Obviously you can elide over configuration issues by having static
configurations and baking the assumptions into your guest images however
this isn't scalable in the long term. The obvious solution seems to be
extending a subset of Device Tree data to user space but perhaps there
are other approaches?

Before any virtio transactions can take place the appropriate memory
mappings need to be made between the FE guest and the BE guest.
Currently the whole of the FE guests address space needs to be visible
to whatever is serving the virtio requests. I can envision 3 approaches:

 * BE guest boots with memory already mapped

 This would entail the guest OS knowing where in it's Guest Physical
 Address space is already taken up and avoiding clashing. I would assume
 in this case you would want a standard interface to userspace to then
 make that address space visible to the backend daemon.

 * BE guests boots with a hypervisor handle to memory

 The BE guest is then free to map the FE's memory to where it wants in
 the BE's guest physical address space. To activate the mapping will
 require some sort of hypercall to the hypervisor. I can see two options
 at this point:

  - expose the handle to userspace for daemon/helper to trigger the
    mapping via existing hypercall interfaces. If using a helper you
    would have a hypervisor specific one to avoid the daemon having to
    care too much about the details or push that complexity into a
    compile time option for the daemon which would result in different
    binaries although a common source base.

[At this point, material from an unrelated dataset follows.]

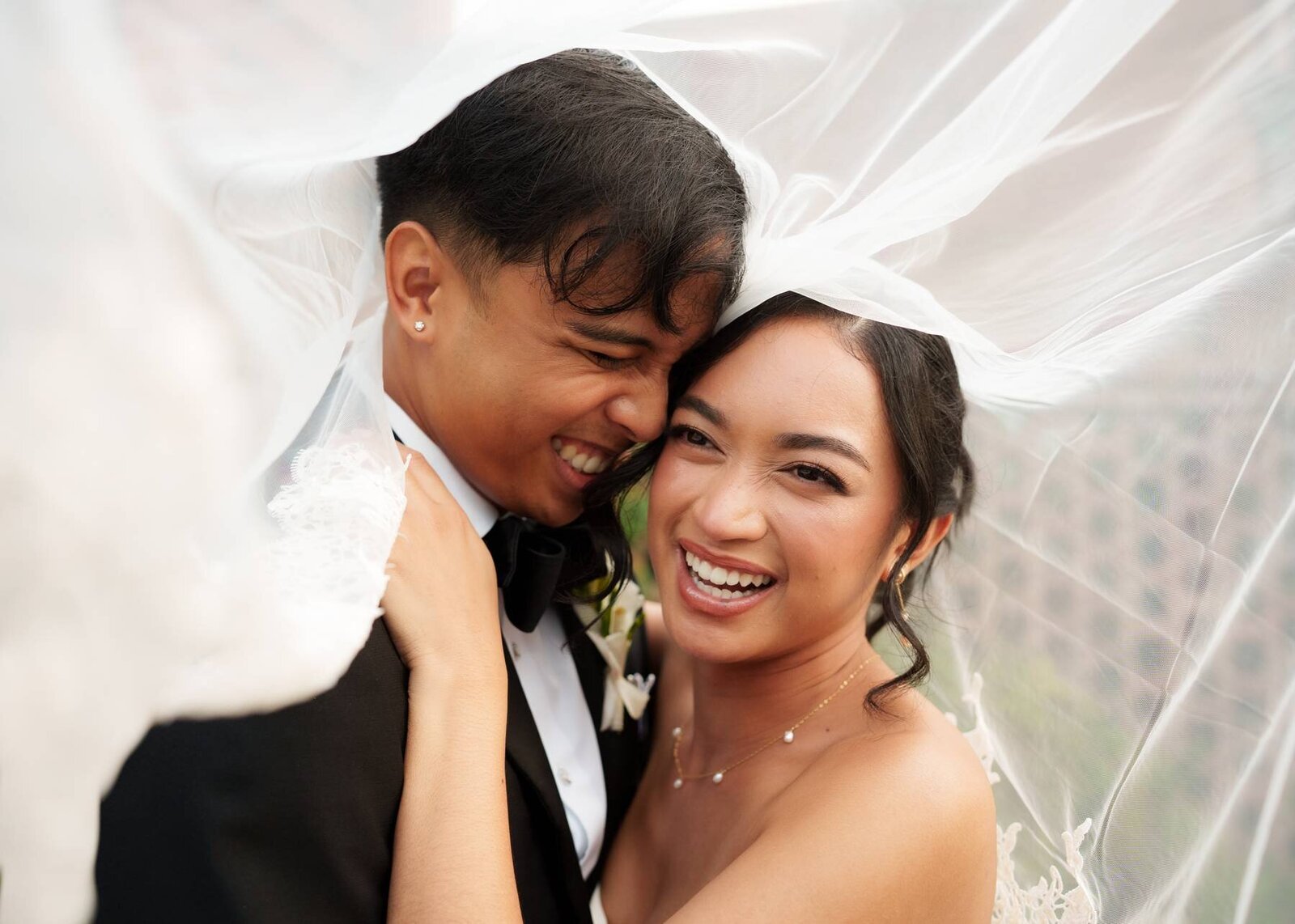 Couple laughs under a veil before their wedding reception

  - expose a new kernel ABI to abstract the hypercall differences away
    in the guest kernel. In this case the userspace would essentially
    ask for an abstract "map guest N memory to userspace ptr" and let
    the kernel deal with the different hypercall interfaces. This of
    course assumes the majority of BE guests would be Linux kernels and
    leaves the bare-metal/unikernel approaches to their own devices.

Operation
=========

The core of the operation of VirtIO is fairly simple. Once the
vhost-user feature negotiation is done it's a case of receiving update
events and parsing the resultant virt queue for data. The vhost-user
specification handles a bunch of setup before that point, mostly to
detail where the virt queues are set up FD's for memory and event
communication. This is where the envisioned stub process would be
responsible for getting the daemon up and ready to run. This is
currently done inside a big VMM like QEMU but I suspect a modern
approach would be to use the rust-vmm vhost crate. It would then either
communicate with the kernel's abstracted ABI or be re-targeted as a
build option for the various hypervisors.

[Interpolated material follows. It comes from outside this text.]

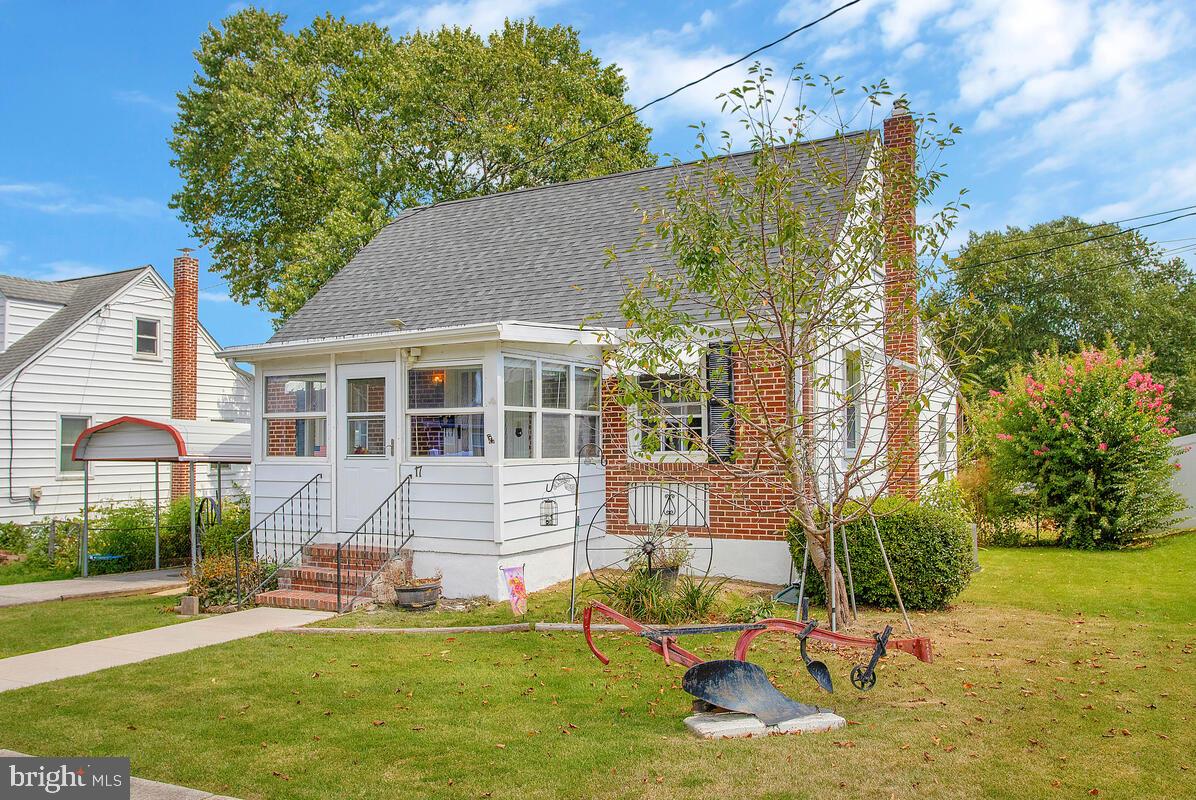 17 Mansion Road Linthicum Heights, MD 21090 - Photo 2 of 42 Enjoy your morning coffee on the enclosed porch.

One question is how to best handle notification and kicks. The existing
vhost-user framework uses eventfd to signal the daemon (although QEMU
is quite capable of simulating them when you use TCG). Xen has it's own
IOREQ mechanism. However latency is an important factor and having
events go through the stub would add quite a lot.

Could we consider the kernel internally converting IOREQ messages from
the Xen hypervisor to eventfd events? Would this scale with other kernel
hypercall interfaces?

So any thoughts on what directions are worth experimenting with?